BENTENGSUMBAR.COM - Sejarah tentang Serangan Umum 1 Maret 1949 terus dipergunjingkan usai Presiden Joko Widodo menerbitkan Keppres 2/2022 tentang Hari Penegakan Kedaulatan Negara pada 24 Februari lalu.
Teranyar, Sekjen Persatuan Nasional Aktivis 98 (Pena 98) Adian Napitupulu turut mengurai pengetahuannya tentang serangan tersebut. Khususnya tentang seberapa peran Soeharto kala itu.
Adian menjelaskan bahwa pada agresi militer Belanda kedua, Presiden Soekarno dan Wakil Presiden Mohammad Hatta memilih tetap bertahan di Yogyakarta yang sejak 4 Januari 1946 menjadi ibukota negara.
Berikutnya Soekarno dan Hatta ditangkap pada 19 Desember 1948 saat Belanda berhasil kuasai Yogyakarta. Kemudian Soekarno Hatta dibuang Belanda ke Brastagi hingga Bangka.
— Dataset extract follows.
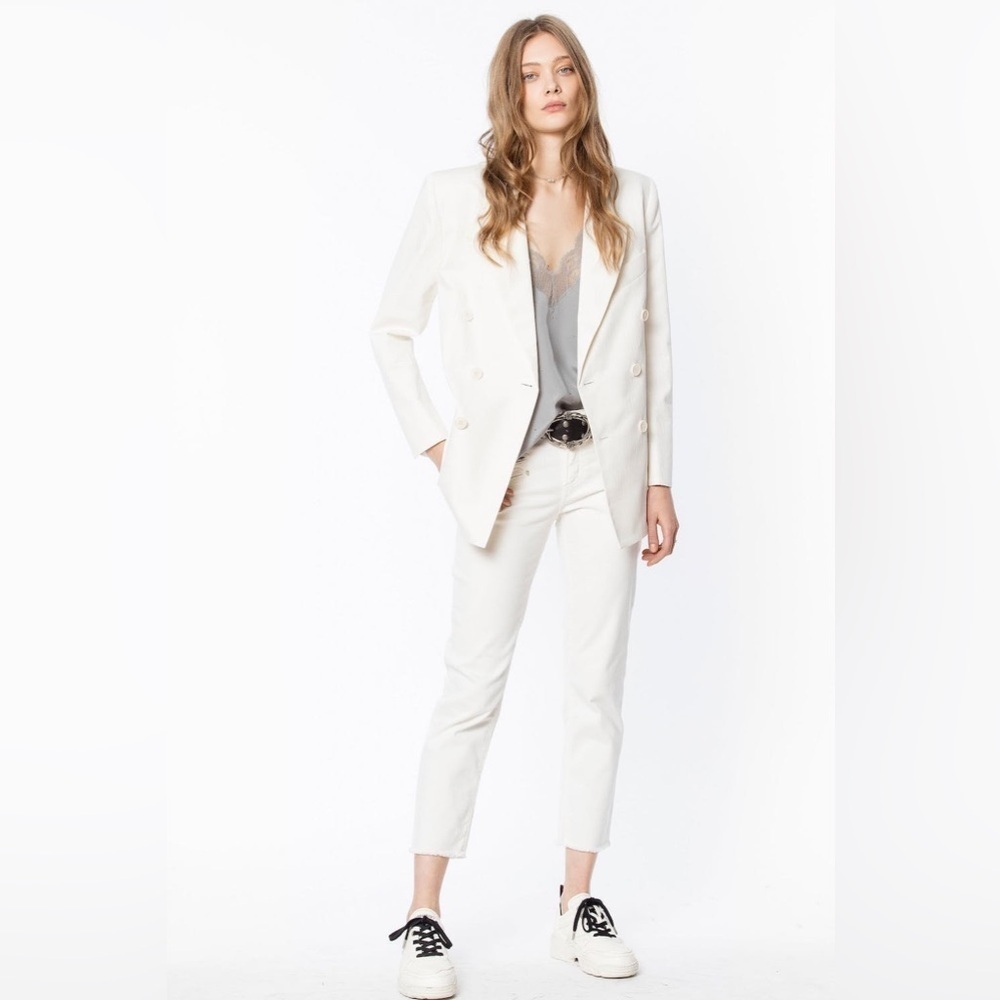 Zadig & Voltaire Vina Blazer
Beberapa waktu sebelum Soekarno dan Hatta ditangkap, mereka sempat memandatkan pada Syafruddin Prawiranegara untuk membentuk Pemerintahan Darurat Republik Indonesia (PDRI).
Soekarno dan Hatta juga mempersiapkan rencana antisipasi kemungkinan terburuk dengan mempersiapkan Exile Goverment (Pemerintahan dalam pengasingan) di New Delhi India yang dipimpin oleh A.A Maramis dan Dr Soedarsono jika PDRI tidak berjalan.
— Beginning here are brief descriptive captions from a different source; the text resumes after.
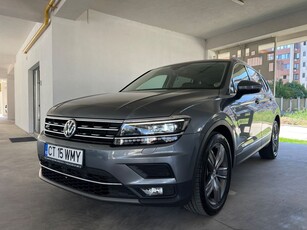 Volkswagen Tiguan Allspace 2.0 TSI 4Mot DSG R-Line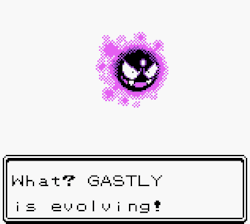 I always have a Haunter in my party and their name is always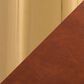 Lumisource Casper Counter Stool in Camel/Gold (Set of 2), , large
“Pada 22 Desember 1948, Syafruddin Prawiranegara kemudian membentuk PDRI,” urainya kepada wartawan, Rabu (9/3).
Berikutnya, sambung Adian, Syafruddin Prawiranegara melalui PDRI membagi wilayah Sumatera menjadi 5 pemerintahan militer, namun hingga awal Mei 1949 kabinet PDRI tidak kunjung terbentuk.
Dengan demikian, maka secara de facto dan de jure Sultan Hamengkubuwono IX tetap menjadi Menteri Pertahanan Republik Indonesia.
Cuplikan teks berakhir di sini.